Arylmalonate decarboxylase (AMDase; EC 18.104.22.168) isolated from Alcaligenes bronchisepticus strain KU1201 catalyses the enantioselective decarboxylation of prochiral α-aryl-α-methylmalonates to optically active α-arylpropionates with a high enantiomeric excess in high yield (Fig. 1 a; Miyamoto & Ohta, 1990 , 1991 ; Ohta, 1997 ). Unlike other decarboxylases, the enzyme requires no additional cofactors such as metal ions, coenzyme A or ATP (Miyamoto & Ohta, 1992a ). AMDase, comprising 240 amino-acid residues (molecular weight 24 737 Da), shows low homology to racemases and isomerases such as glutamate racemases (GluRs; Gallo & Knowles, 1993 ; Hwang et al., 1999 ), aspartate racemase (AspR; Yohda et al., 1991 ; Liu et al., 2002 ) and other racemase-related enzymes such as hydanotine racemase (Watabe et al., 1992 ) and maleate cis–trans isomerase (Hatakeyama et al., 1997 ). GluR and AspR have been classified into the pyridoxal-5′-phosphate-independent racemase family (Tanner, 2002 ; Gerlt et al., 2005 ). An alignment of the primary sequences of family members (Fig. 1 b) suggests that Cys188 of AMDase is one of the essential residues forming the active site. This residue is thought to act as a proton donor to the intermediate, the enolate form of α-arylpropionate, from only one side of the enantiomeric face to produce the (R)-product (Matoishi et al., 2004 ; Terao et al., 2007 ). AMDase becomes inactive on Cys188Ser mutation (Miyazaki et al., 1997 ) or in the presence of SH reagents such as iodoacetate, p-chloromercuribenzoate, HgCl2 and Ag(NO3)2 (Miyamoto & Ohta, 1992b ), suggesting a crucial role of the cysteine residue in the reaction.

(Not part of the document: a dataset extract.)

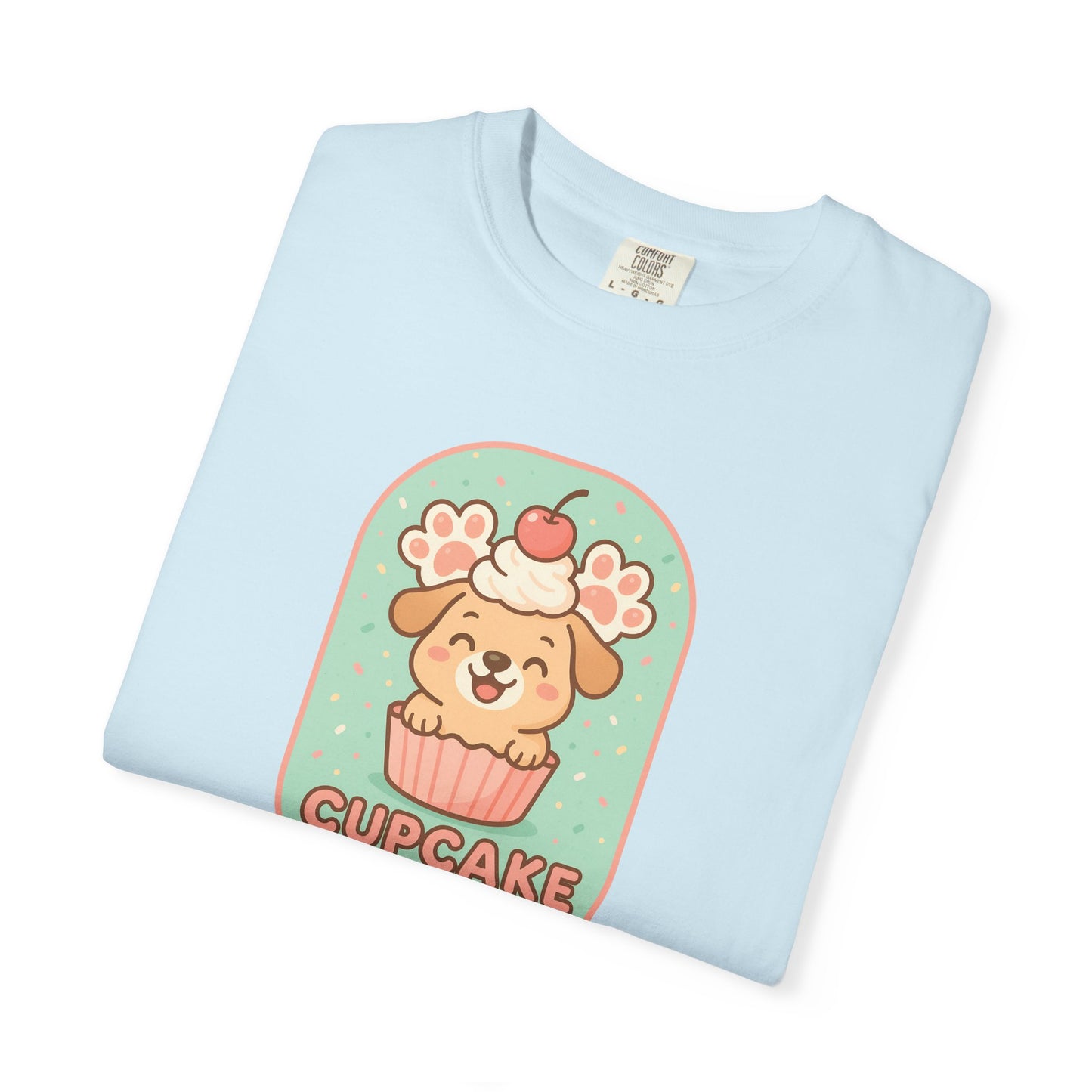 Cute Dog Cupcake Pawty Unisex T-shirt, Perfect for Animal Lovers, Pet Birthdays, Gifts, Casual Wear, Fun Gatherings, Dog Celebrations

In the crystal structures of GluR from Aquifex pyrophilus (Hwang et al., 1999 ) and AspR from Pyrococcus horikoshii (Liu et al., 2002 ), two cysteine residues are symmetrically arranged in the active-site cleft and provide a reaction field that enables a two-base mechanism for their racemization reaction (Tanner, 2002 ; Gallo et al., 1993 ; Glavas & Tanner, 1999 , 2001 ). In AMDase, Cys188 corresponds to one of the cysteine residues of the racemases and Gly74 takes the place of the other. This difference probably causes an asymmetric structure of the active site, enabling the enantioselective reaction. In fact, a Gly74Cys mutation converts AMDase to an enzyme that catalyses the racemization of α-arylpropionate (Terao et al., 2006a ) and Gly74Cys/Cys188Ser-mutated AMDase produces arylpropionate of the opposite enantiomorph to that of the wild-type enzyme, although the enzymatic reaction proceeds with a slower rate than that of the wild type (Ijima et al., 2005 ; Miyamoto et al., 2007 ). Thus, AMDase is of particular interest with regard to this conversion of the function by simple mutations and the three-dimensional structure of AMDase is indispensable in order to understand the reaction mechanism and for the design and development of novel enzymes (Terao et al., 2006b ).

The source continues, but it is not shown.